A computer system generally includes a CPU for executing instructions on given tasks and a main memory for storing data, programs or the like requested by the CPU. To enhance the performance of the computer system, it is basically requested to increase the operating speed of the CPU and also make an access time to the main memory as short as possible, so that the CPU can operate at least with no wait states. Operation clock cycles of modern CPUs such as recent microprocessors are shortening more and more as clock frequencies of 33, 66, 100 MHZ or the like. However, the operating speed of a high density DRAM, which is still the cheapest memory on a price-per-bit base and using as a main memory device, has not been able to keep up with that of the CPU being speeded up. DRAM inherently has a minimum {overscore (RAS)} access time, i.e., the minimum period of time between activation of {overscore (RAS)}, upon which the signal {overscore (RAS)} changes from a high level to a low level, and the output of data from a chip thereof with column addresses latched by activation of {overscore (CAS)}. Such a {overscore (RAS)} access time is called a {overscore (RAS)} latency, and the time duration between the activation of the signal {overscore (CAS )} and the output of data therefrom called a {overscore (CAS)} latency. Moreover, a precharging time is required prior to re-access following the completion of a read operation or cycle. These factors decrease the total amount of operation speed of the DRAM, thereby causing the CPU to have wait states.

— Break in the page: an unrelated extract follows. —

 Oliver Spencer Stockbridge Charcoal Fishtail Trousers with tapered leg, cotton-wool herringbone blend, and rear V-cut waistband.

To compensate for the gap between the operation speed of the CPU and that of the main memory like the DRAM, the computer system includes an expensive high-speed buffer memory such as a cache memory which is arranged between the CPU and the main memory. The cache memory stores information data from the main memory which is requested by the CPU. Whenever the CPU issues the request for the data, a cache memory controller intercepts it and checks the cache memory to see if the data is stored in the cache memory. If the requested data exists therein, it is called a cache hit, and high-speed data transfer is immediately performed from the cache memory to the CPU. Whereas if there is no presence therein, it is called a cache miss, and the cache memory controller reads out the data from the slower main memory. The read-out data is stored in the cache memory and sent to the CPU. Thus, a subsequent request for this data may be immediately read out from the cache memory. That is, in case of the cache hit, the high-speed data transfer may be accomplished from the cache memory. However, in case of the cache miss, the high-speed data transfer from the main memory to the CPU cannot be expected, thereby incurring wait states of the CPU. Thus, it is extremely important to design DRAMs serving as the main memory to accomplish high-speed operations.
The data transfer between DRAMs and the CPU or the cache memory is accomplished with sequential information or data blocks. To transfer the continuous data at a high speed, various kinds of operating modes such as page, static column, nibble mode or the like have implemented in the DRAM. These operating modes are disclosed in U.S. Pat. Nos. 3,969,706 and 4,750,839. The memory cell array of the DRAM with the nibble mode is divided into four equal parts so that a plurality of memory cells can be made access with the same address. Data is temporarily stored in a shift register to be sequentially read out or written into. However, since the DRAM with the nibble mode cannot continuously transfer more than 5-bit data, the flexibility of the system design cannot be offered upon the application to high-speed data transfer systems. The page mode and the static column mode, after the selection of the same row address in a {overscore (RAS)} timing, can sequentially access column addresses in synchronism with {overscore (CAS)} toggling or cycles and with the transition detections of column addresses, respectively. However, since the DRAM with the page or the static column mode needs extra time, such as a setup and a hold times of the column address, for receiving the next new column address after the selection of a column address, it is impossible to access the continuous data at a memory bandwidth higher than 100 Mbits/sec., i.e., to reduce a {overscore (CAS )} cycle time below 10 nsec. Also, since the arbitrary reduction of the {overscore (CAS)} cycle time in the page mode cannot guarantee a sufficient column selection time to write data into selected memory cells during a write operation, error data may be written thereinto. However, since these high-speed operation modes are not operations synchronous to the system clock of the CPU, the data transfer system must use a newly designed DRAM controller whenever a CPU having higher speed is replaced. Thus, to keep up with high-speed microprocessors such as CISC and RISC types, the development of a synchronous DRAM is required which is capable of accessing the data synchronous to the system clock of the microprocessor at a high speed. An introduction to synchronous DRAMs appears with no disclosure of detailed circuits in the NIKKEI MICRODEVICES in April, 1992, Pages 158-161.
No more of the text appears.